* [DATA RECORDS]:
↓↓↓

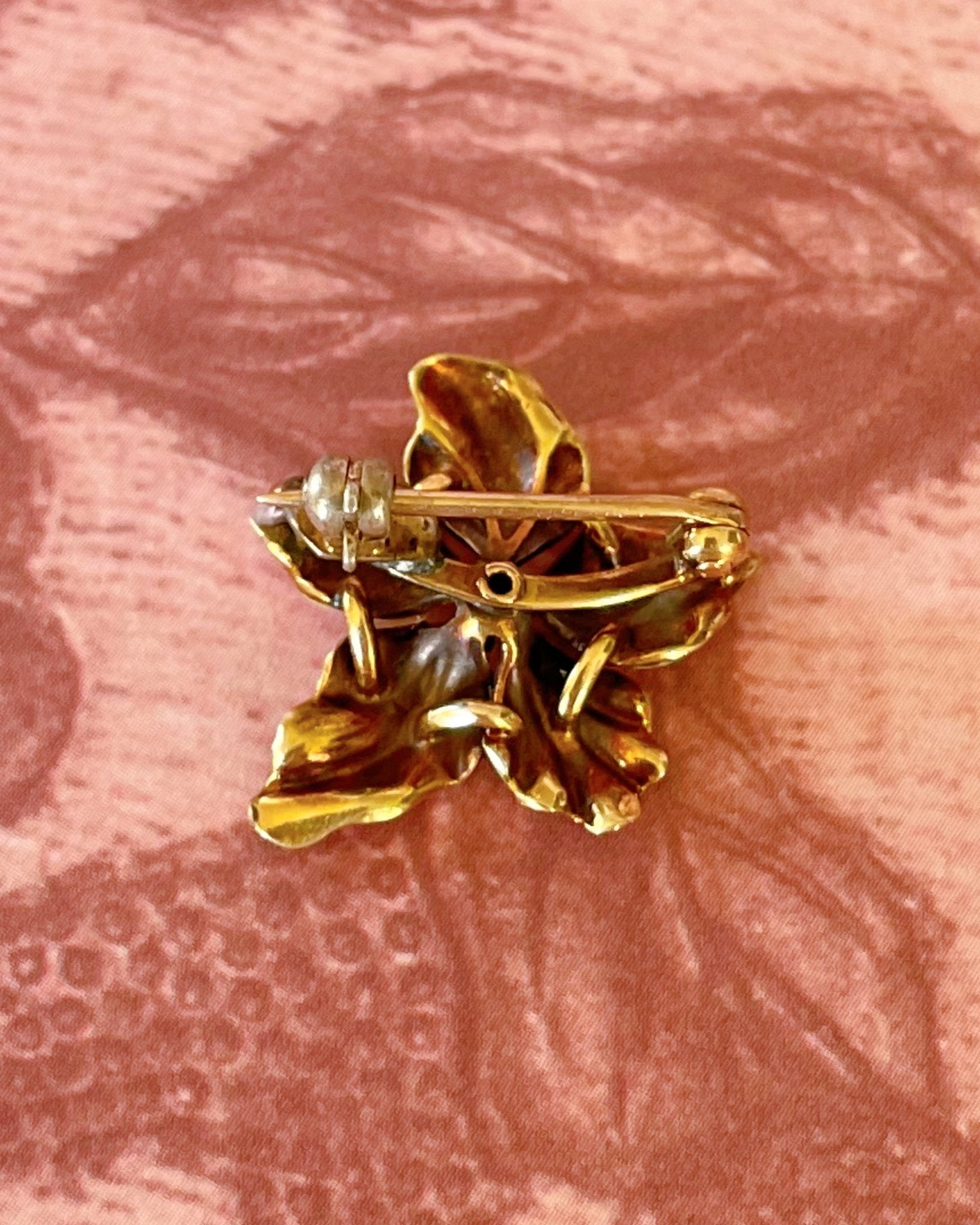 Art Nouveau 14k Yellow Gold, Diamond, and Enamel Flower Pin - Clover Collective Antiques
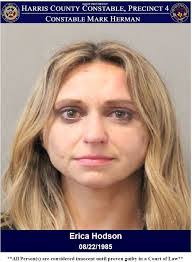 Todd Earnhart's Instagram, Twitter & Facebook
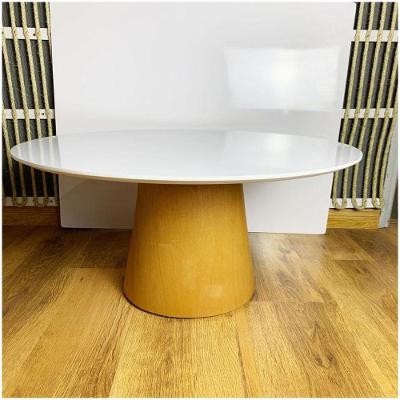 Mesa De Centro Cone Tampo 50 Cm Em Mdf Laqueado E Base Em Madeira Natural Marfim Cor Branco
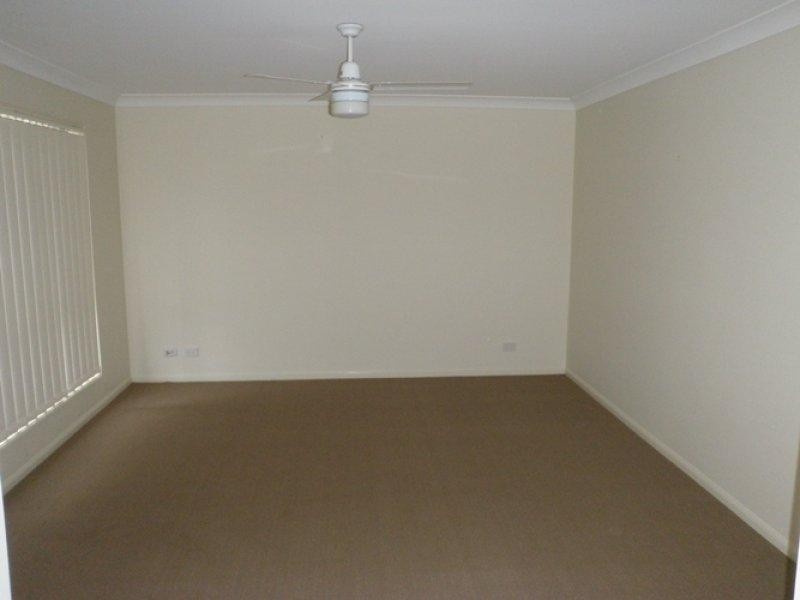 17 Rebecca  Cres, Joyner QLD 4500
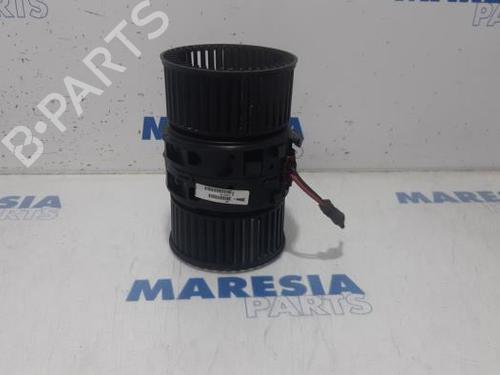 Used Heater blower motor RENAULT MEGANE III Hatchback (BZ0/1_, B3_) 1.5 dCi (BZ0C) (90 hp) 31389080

↑↑↑

* [WHAT THE TASK REQUIRES]:
Only an exact copy of the lines from the one with "Joyner QLD 4500" through the last line of the listing should be given; pictures must not be included.

* [ANSWER TO THIS TASK]:
 17 Rebecca  Cres, Joyner QLD 4500
 Used Heater blower motor RENAULT MEGANE III Hatchback (BZ0/1_, B3_) 1.5 dCi (BZ0C) (90 hp) 31389080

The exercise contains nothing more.